Ничего этого я немцам, конечно, не рассказала, а сухо и кратко описала условия его жизни и сложности в творчестве. Надо сказать, что живопись Пакулина была очень яркой, светлой, отчасти детской. Один и тот же сюжет он мог повторять без конца, получалось множество вариантов. Можно сказать, что он с упоением клонировал свои произведения, чего обычно художники не очень любят, а если делают, то, как правило, выходит мертвяк. У него же – всегда экспрессия.

Немцы страшно взволновались, стали обсуждать, как помочь Пакулину, предлагали устроить сбор средств для его лечения, на время отвезти в Германию, в хорошую клинику. Марина что-то сказала им, и они тут же бросились клеить на Славкины работы красные кружки. Правильно, такому человеку, как Слава, только слава и признание – настоящее лекарство.

После Пакулина стало труднее вести экскурсию, как будто немцы уже истратили свой лимит эмоциональности и потеряли ко всему интерес. Тем не менее, как минимум четверть работ выставки была продана. Это больше, чем мы рассчитывали. И не только мы. Заметила лёгкую панику у девочек из Лавки, они тоже не надеялись на такой результат и привезли маловато документов с печатями. Одну на такси послали в Лавку за недостающими бланками, а другая пока оформляла то, что могла.
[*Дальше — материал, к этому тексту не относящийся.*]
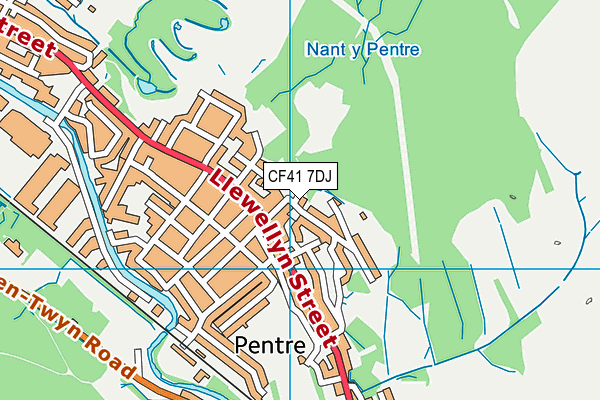 CF41 7DJ map - OS VectorMap District (Ordnance Survey)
Мы уложились во время, немцы ушли довольные, а я села на диванчик в уголке и сидела так, тупо и неподвижно, пока Андрей меня не обнаружил.
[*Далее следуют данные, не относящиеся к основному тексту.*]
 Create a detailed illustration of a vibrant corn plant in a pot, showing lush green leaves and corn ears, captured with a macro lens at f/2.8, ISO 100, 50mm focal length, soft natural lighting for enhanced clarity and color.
– Ну, поздравляю! Я наблюдал, не вмешивался. У тебя отлично всё получилось. Ты очень перспективная, тебе ведь это уже говорили? Подымайся, идём в ресторан. Резников выдал на расходы, так что гуляем. Марину берём? Вот и отлично. Давай просыпайся, всё хорошо.
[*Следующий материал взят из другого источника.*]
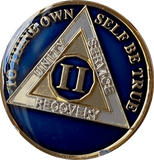 1 - 40 Year AA Medallion Midnight Blue Tri-Plate Sobriety Chip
После Каштан мне говорил, что с концертом жутко облажались. Горячев, пытаясь сэкономить, нанял каких-то потных танцовщиц в сарафанах с пятнами, а хор был полупьяный.

– Так что, если бы не картины, мог получиться скандал, – подытожил Валерка.

Часть 3. Сайгон, это Сайгон

февраль 1989 г.

Из дневника Саши Полищука

Август 1989.

Выдались две свободные недели – что-то вроде отпуска в связи с ремонтом котельной. Уезжаем на Псковщину – ближе к земле, воде и солнцу. Деревня производит прямо-таки удручающее впечатление – здесь мало что изменилось со времён царя Гороха. Пыльные покосившиеся избы – под стать обитателям. Загорелые от бесконечной работы «в поле», задубевшие от самогона, отрывисто и глухо говорящие на смеси русского с местным диалектом и колоритным блатным и матерным. Здесь нет телефонной связи, газа и водопровода. Магазин (на полках – шаром кати), почта и сельсовет – в соседней деревне. Кино раз в две недели. После сеанса – танцы, на которые съезжаются в основном такие же, как мы, отдыхающие. Местной молодёжи мало – кто пошустрей, давно перебрались в города. Развлечения – ежевечернее пьянство (до одури и бреда), с непременными драками, иногда с поножовщиной. Владелец чёрно-белого телевизора считается человеком зажиточным.

Едем на велосипедах в Латвию – до несколько условной границы с братской республикой всего тридцать километров. Как дети радуемся надписям на незнакомом языке. Живописные, но словно игрушечные, хутора. Аккуратно подстриженные газоны и клумбы с цветами. На образцово-показательных лужках (здесь всё кажется ненастоящим, декоративным, заграничным) – коровы. Как на подбор – тёмно-рыжей масти. Местная порода, что ли?

Заходим в магазин. Пиво, сигареты, даже какое-то мясо. Такое изобилие после российского сельпо – ошеломляет. Блондинистая красавица за прилавком, заслышав русскую речь, перестаёт улыбаться, изображая непонимание (русских – тем более не местных – здесь не любят и боятся). Как можно более приветливо и вежливо просим отпустить продукты. Девица безмолвно, не глядя в глаза, взвешивает, заворачивает и сердито звенит мелочью в кассе. Уходим как оплёванные.